Illuminating ARIMA model-based seasonal adjustment with three fundamental seasonal models

Our starting place is the first order seasonal autoregressive model. Its series are shown to have canonical model-based decompositions whose finite-sample estimates, filters, and error covariances have simple revealing formulas from basic linear regression. We obtain analogous formulas for seasonal random walks, extending some of the results of Maravall and Pierce (J Time Series Anal, 8:177-293, 1987).
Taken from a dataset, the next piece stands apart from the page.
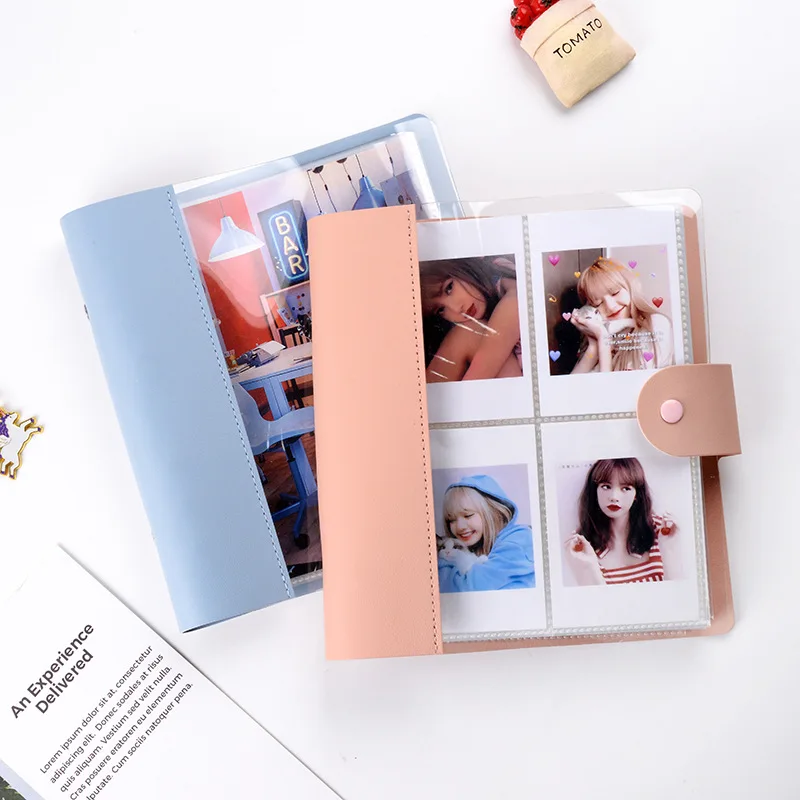 25 PP Inner Pages Portable Photo Album Spliced PU Leather Album for Mini Instax & Name Card 7s 8 25 50s Album de Photos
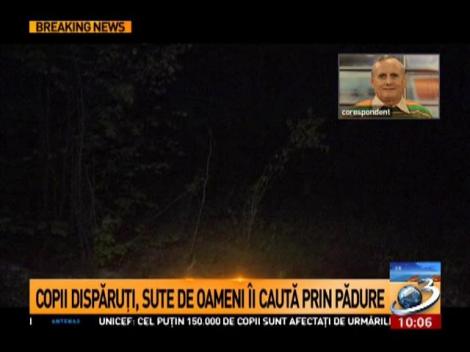 Detalii despre căutările celor 2 copii dispăruți din curtea unde se jucau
The seasonal decomposition filters of the biannual seasonal random walk have formulas that explicitly reveal which deterministic functions they annihilate and which they reproduce, directly illustrating very general results of Bell (J Off Stat, 28:441-461, 2012; Center for Statistical Research and Methodology, Research Report Series, Statistics #2015-03, U.S. Census Bureau, Washington, D.C. https://www.census.gov/srd/papers/pdf/RRS2015-03, 2015). Other formulas express phenomena heretofore lacking such concrete expression, such as the much discussed negative autocorrelation at the first seasonal lag quite often observed in differenced seasonally adjusted series. An innovation that is also applied to airline model seasonal decompositions is the effective use of signs of lag one and first-seasonal-lag autocorrelations (after differencing) to indicate, in a formal way, where smoothness is increased by seasonal adjustment and where its effect is opposite.